We could see that six out of 10 participants left work between the first phase of the study in 1985 and the last one used for this study, in 2007-9. During the same period the proportion suffering from chronic illness had increased from less than two per cent to almost 30 per cent.
So why had they left, and how might those ‘psychosocial’ working conditions have affected those decisions?
Among the whole group of participants, we found clear evidence that those who felt they had reasons to be happy in their work were more likely to stay on. Specifically, those who felt they were using a wide range of job skills – known as skill discretion – and those who felt they had good social support at work were more likely to stay on for longer.
However, we did not find evidence that those ‘psychosocial’ factors would make more of a difference in whether or not a worker stayed on if he or she were chronically unwell. Or rather, good working conditions were equally important for workers both ill and well.

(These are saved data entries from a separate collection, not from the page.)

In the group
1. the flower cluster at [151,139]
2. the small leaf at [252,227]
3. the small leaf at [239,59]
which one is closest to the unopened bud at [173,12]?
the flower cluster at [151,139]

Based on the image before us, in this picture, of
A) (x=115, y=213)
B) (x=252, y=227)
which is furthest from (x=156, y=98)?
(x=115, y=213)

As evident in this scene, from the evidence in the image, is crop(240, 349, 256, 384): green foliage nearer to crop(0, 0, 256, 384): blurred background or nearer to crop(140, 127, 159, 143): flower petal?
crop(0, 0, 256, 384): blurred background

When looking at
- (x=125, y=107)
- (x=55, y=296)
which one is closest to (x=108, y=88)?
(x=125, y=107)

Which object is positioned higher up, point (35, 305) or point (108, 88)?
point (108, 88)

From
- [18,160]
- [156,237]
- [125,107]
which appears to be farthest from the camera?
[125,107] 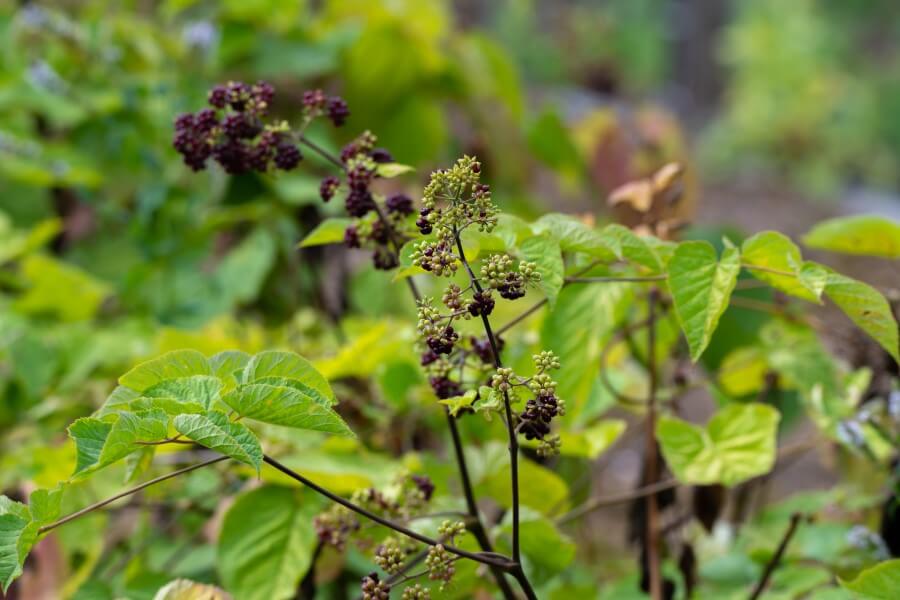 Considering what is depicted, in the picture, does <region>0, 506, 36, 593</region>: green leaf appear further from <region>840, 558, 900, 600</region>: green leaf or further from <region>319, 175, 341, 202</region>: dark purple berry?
<region>840, 558, 900, 600</region>: green leaf

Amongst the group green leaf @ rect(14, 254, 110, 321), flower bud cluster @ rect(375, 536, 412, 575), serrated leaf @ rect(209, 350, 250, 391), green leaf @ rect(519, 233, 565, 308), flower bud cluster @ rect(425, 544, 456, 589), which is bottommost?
flower bud cluster @ rect(425, 544, 456, 589)

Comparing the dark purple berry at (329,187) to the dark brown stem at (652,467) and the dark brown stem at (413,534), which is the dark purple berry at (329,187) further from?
the dark brown stem at (652,467)

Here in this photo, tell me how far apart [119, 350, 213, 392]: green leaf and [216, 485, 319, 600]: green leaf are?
0.23 m

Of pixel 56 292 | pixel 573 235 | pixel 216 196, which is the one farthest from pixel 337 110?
pixel 216 196

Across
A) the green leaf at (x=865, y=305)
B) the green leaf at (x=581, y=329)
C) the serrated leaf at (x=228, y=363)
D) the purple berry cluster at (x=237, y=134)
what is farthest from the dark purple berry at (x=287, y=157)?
the green leaf at (x=865, y=305)

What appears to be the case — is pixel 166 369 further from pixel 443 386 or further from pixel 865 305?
pixel 865 305

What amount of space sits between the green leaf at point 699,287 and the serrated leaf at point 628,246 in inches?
1.6

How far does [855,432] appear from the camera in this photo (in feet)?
2.55

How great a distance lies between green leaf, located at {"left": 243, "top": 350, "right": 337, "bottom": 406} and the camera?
53cm

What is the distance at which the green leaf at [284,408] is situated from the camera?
487 millimetres

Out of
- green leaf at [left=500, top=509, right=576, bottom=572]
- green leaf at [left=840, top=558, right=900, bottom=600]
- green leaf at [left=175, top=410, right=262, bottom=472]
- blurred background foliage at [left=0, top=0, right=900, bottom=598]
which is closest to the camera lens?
green leaf at [left=175, top=410, right=262, bottom=472]

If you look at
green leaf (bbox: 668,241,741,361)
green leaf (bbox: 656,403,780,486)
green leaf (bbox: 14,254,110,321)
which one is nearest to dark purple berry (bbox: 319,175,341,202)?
green leaf (bbox: 668,241,741,361)

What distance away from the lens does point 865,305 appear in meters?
0.60

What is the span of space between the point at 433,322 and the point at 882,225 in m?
0.43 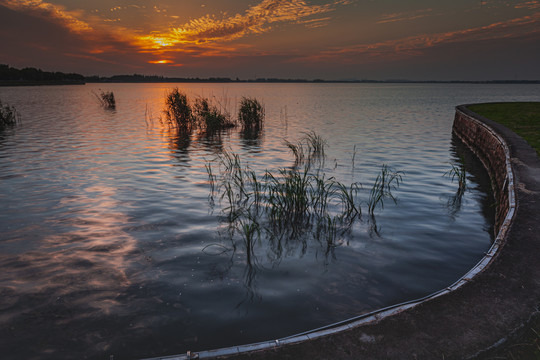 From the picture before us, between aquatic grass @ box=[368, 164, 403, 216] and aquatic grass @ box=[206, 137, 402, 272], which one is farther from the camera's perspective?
aquatic grass @ box=[368, 164, 403, 216]

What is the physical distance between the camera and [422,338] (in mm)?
3105

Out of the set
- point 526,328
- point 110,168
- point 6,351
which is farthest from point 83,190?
point 526,328

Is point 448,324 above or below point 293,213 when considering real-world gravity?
above

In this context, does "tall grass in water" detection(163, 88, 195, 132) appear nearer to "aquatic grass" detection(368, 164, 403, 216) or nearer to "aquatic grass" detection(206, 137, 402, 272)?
"aquatic grass" detection(206, 137, 402, 272)

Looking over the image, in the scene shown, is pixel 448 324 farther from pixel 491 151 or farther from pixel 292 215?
pixel 491 151

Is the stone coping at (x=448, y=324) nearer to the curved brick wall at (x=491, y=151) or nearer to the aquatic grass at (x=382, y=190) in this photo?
the curved brick wall at (x=491, y=151)

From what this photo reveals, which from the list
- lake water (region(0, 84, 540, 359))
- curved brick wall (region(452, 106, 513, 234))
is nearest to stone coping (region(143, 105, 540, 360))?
lake water (region(0, 84, 540, 359))

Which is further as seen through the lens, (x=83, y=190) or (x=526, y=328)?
(x=83, y=190)

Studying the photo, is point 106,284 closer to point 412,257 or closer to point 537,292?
point 412,257

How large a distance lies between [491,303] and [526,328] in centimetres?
39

So, we know that good social and psychological conditions at work are likely to be helpful in keeping employees at work as their careers near their end. And we know that chronic illness is a major reason why people leave work early. But from our study, we cannot say that such good working practices will be a particular deciding factor for those who become unwell.
How and why people leave work
There were some interesting factors in our results: first, we were able to look at the different ways in which people left their jobs, and the reasons why they did so. So those who used a wide range of skills had a reduced risk of leaving work earlier through retirement or ill-health, but this was not related to the risk of leaving work earlier through unemployment; while those who had good social support had a reduced risk of leaving earlier through ill health or unemployment, but not so much when we looked at leaving earlier through retirement.
And while previous studies had tended to measure working conditions at the time of leaving, ours looked at those conditions several years beforehand.
There is certainly scope for more detailed research on this issue – and there is plenty of reason for both researchers and policy advisors to continue to focus on how employers can help chronically ill workers to stay in their jobs.
Can favourable psychosocial working conditions in midlife moderate the risk of work exit for chronically ill workers? A 20-year follow-up of the Whitehall II study is research by Maria Fleischmann, Ewan Carr, Stephen A Stansfeld, Baowen Xue and Jenny Head. It is published in the BMJ Journal of Occupational and Environmental Medicine and is part of the renEWL project on Extended Working Lives.